- **Try it**: From the listing that follows, reproduce only the lines from the one holding "Chanel Quilted Wallet" through the one holding "OEM Plant Stand", both included, with no pictures.

- **Data extract**:
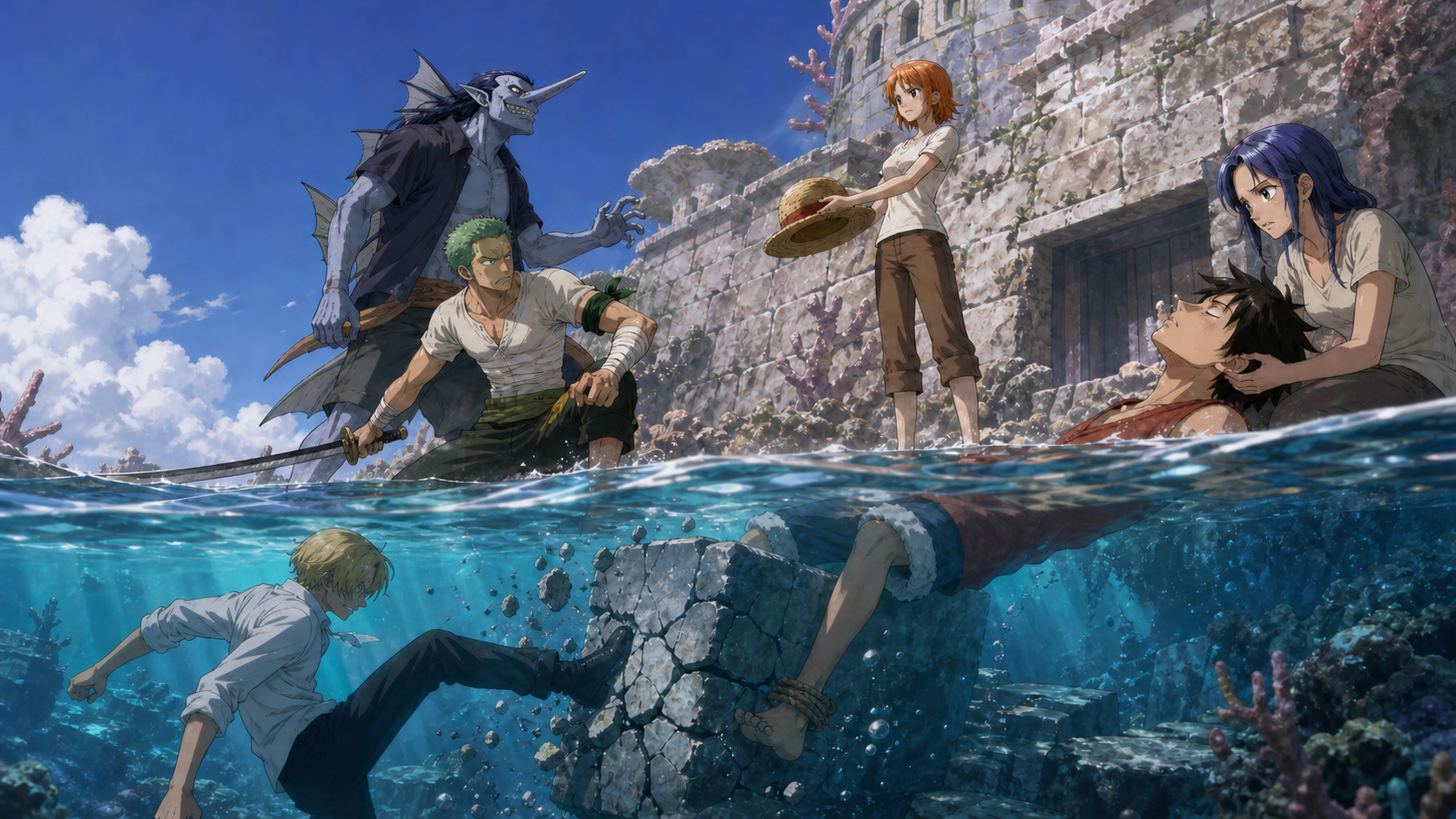 Nami protects Luffy’s straw hat while Zoro delays Arlong and Sanji breaks the submerged stone trapping Luffy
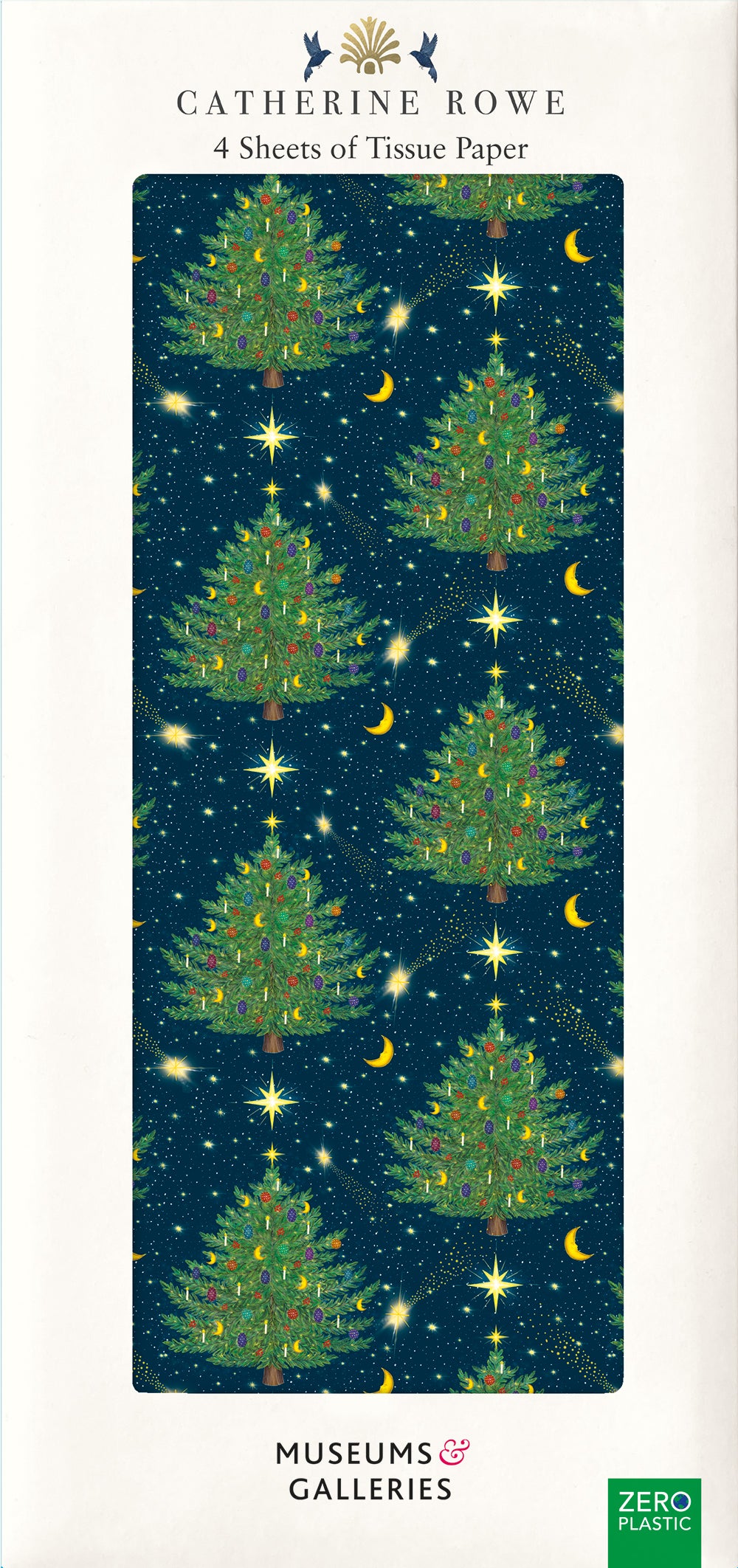 Celestial Christmas by Catherine Rowe Trees Pack of 4 Sheets of Festive Tissue Paper - Bee's Emporium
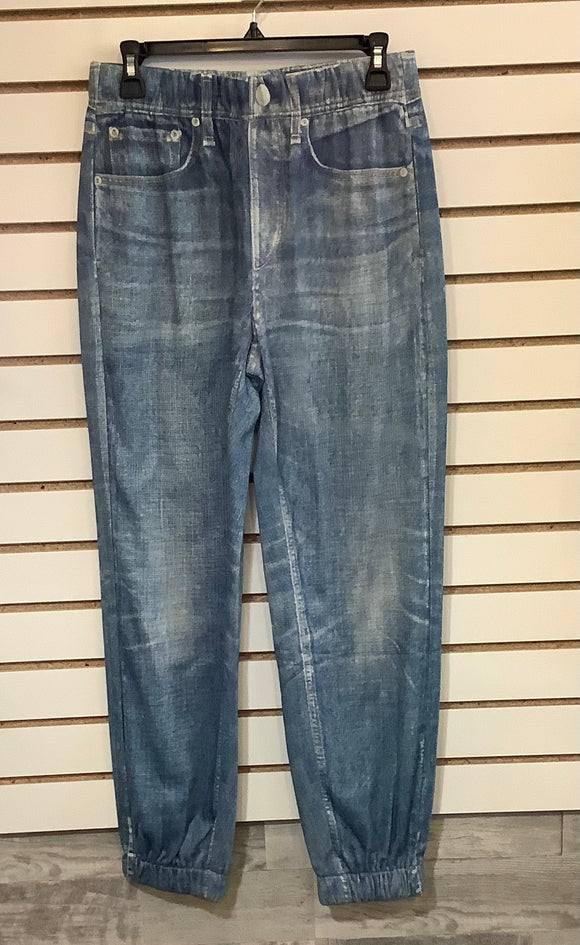 Denim Look Knit Jogging Pants w/Elastic Waist and Cuff by Clotheshead.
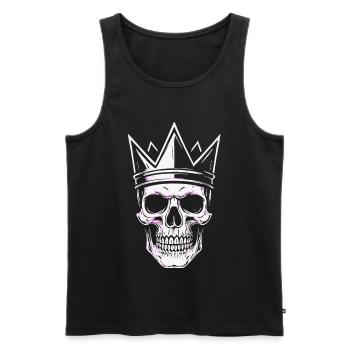 Skull King Totenkopf Krone Motiv - Männer Premium Bio Tank Top - Schwarz - Vorne - Michal (187cm)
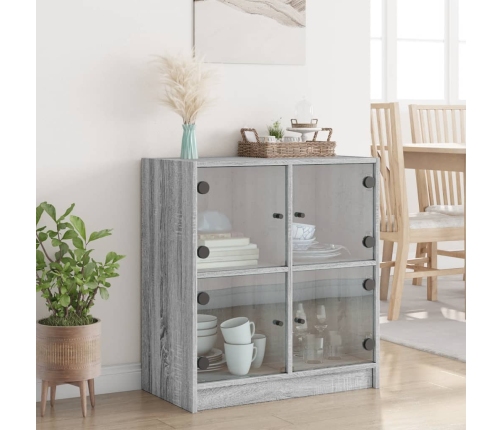 Armario auxiliar puertas de vidrio gris Sonoma 68x37x75,5 cm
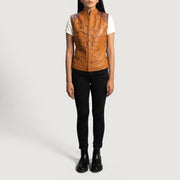 Westina Tan Dye Leather Vest - image 4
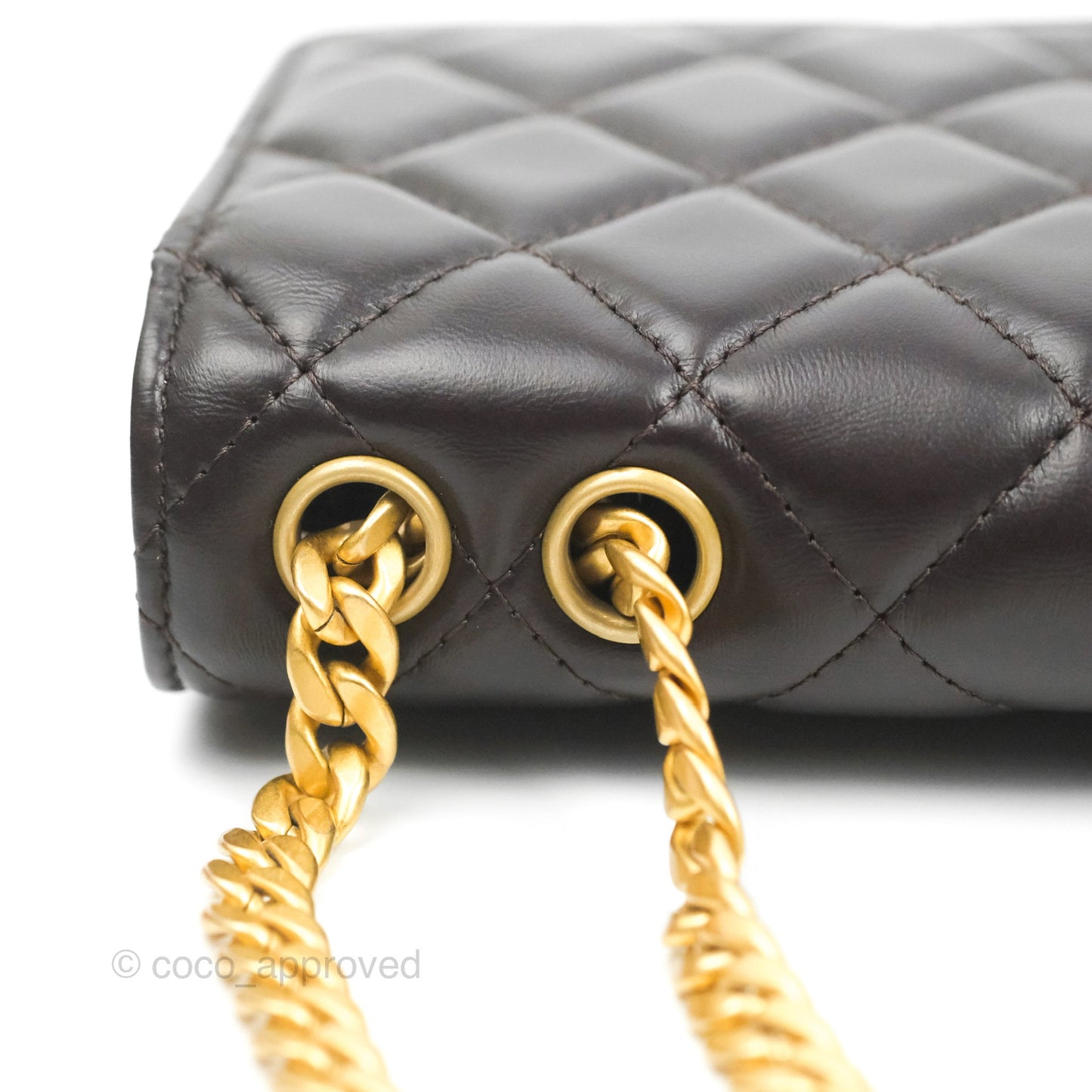 Chanel Quilted Wallet on Chain WOC Adjustable Chain Brown Lambskin Aged Gold Hardware 22K
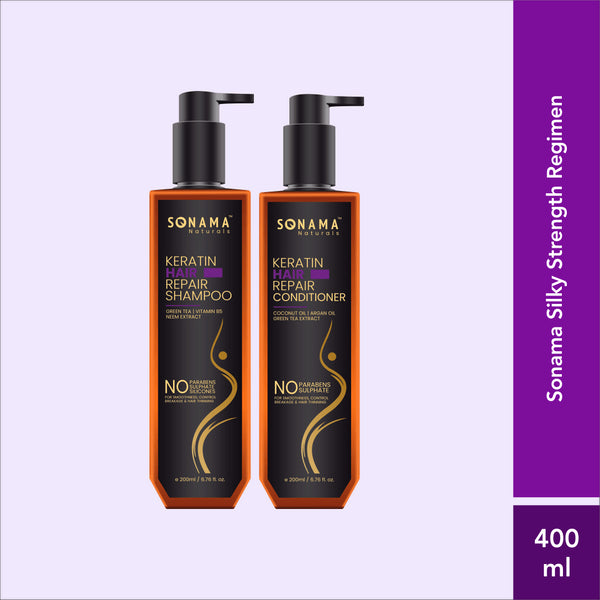Sonama Silky Strength Regimen: Keratin Hair Care Shampoo | Conditioner Combo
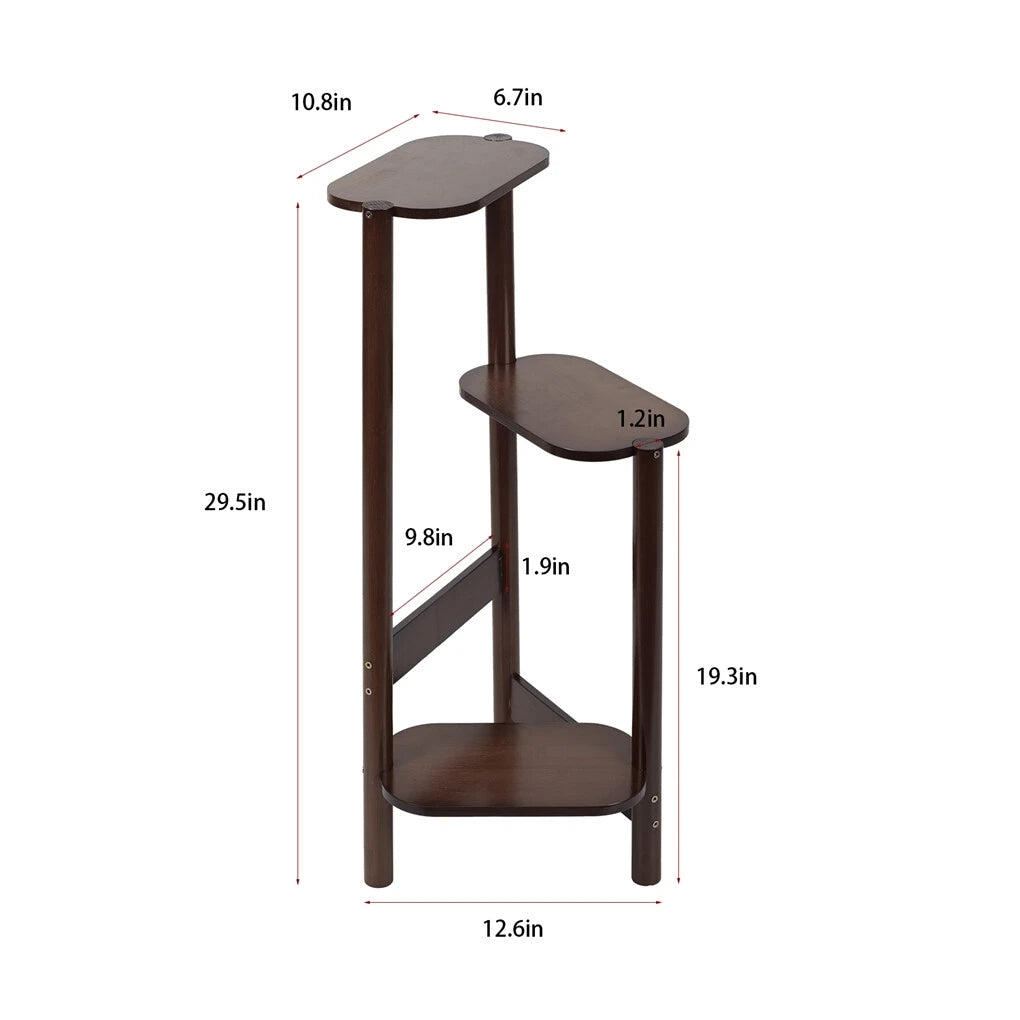 OEM Plant Stand 3-Tier Bamboo Corner Shelf Natural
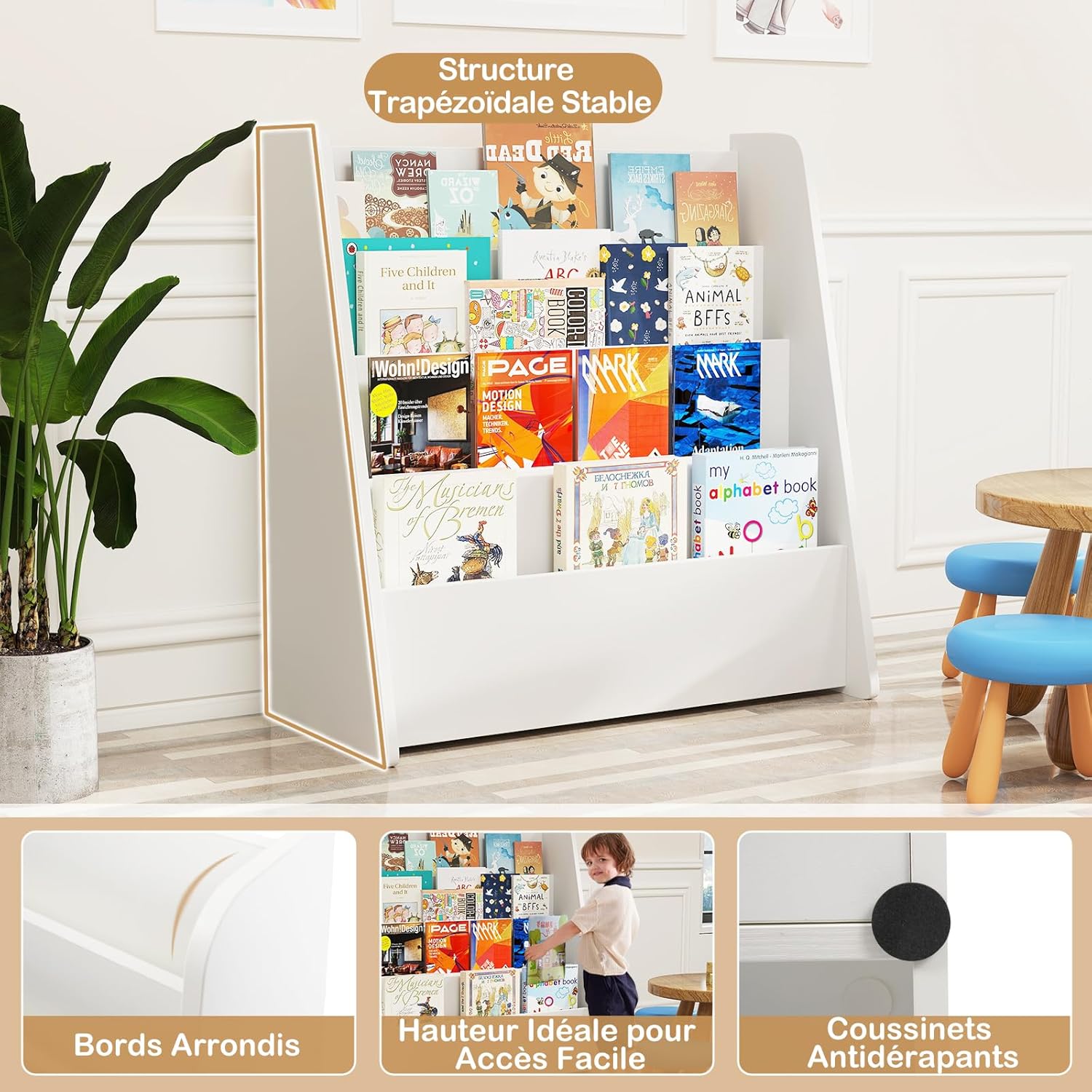 Estante infantil em madeira com 4 níveis, estante com compartimentos abertos, expositor Estante para Quarto Infantil (Branco) - 5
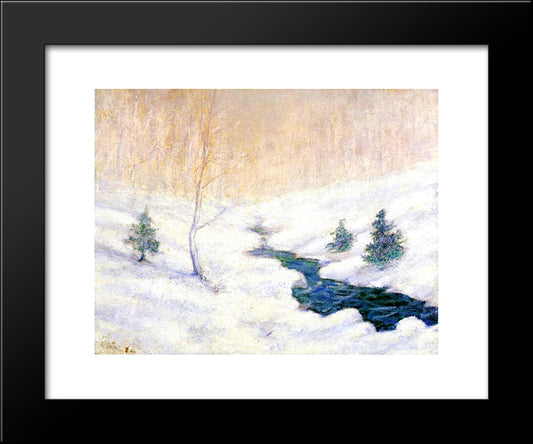Woodland Stream In A Winter Landscape 20x24 Black Modern Wood Framed Art Print Poster by Twachtman, John Henry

- **Answer space**:
 Chanel Quilted Wallet on Chain WOC Adjustable Chain Brown Lambskin Aged Gold Hardware 22K
Sonama Silky Strength Regimen: Keratin Hair Care Shampoo | Conditioner Combo
 OEM Plant Stand 3-Tier Bamboo Corner Shelf Natural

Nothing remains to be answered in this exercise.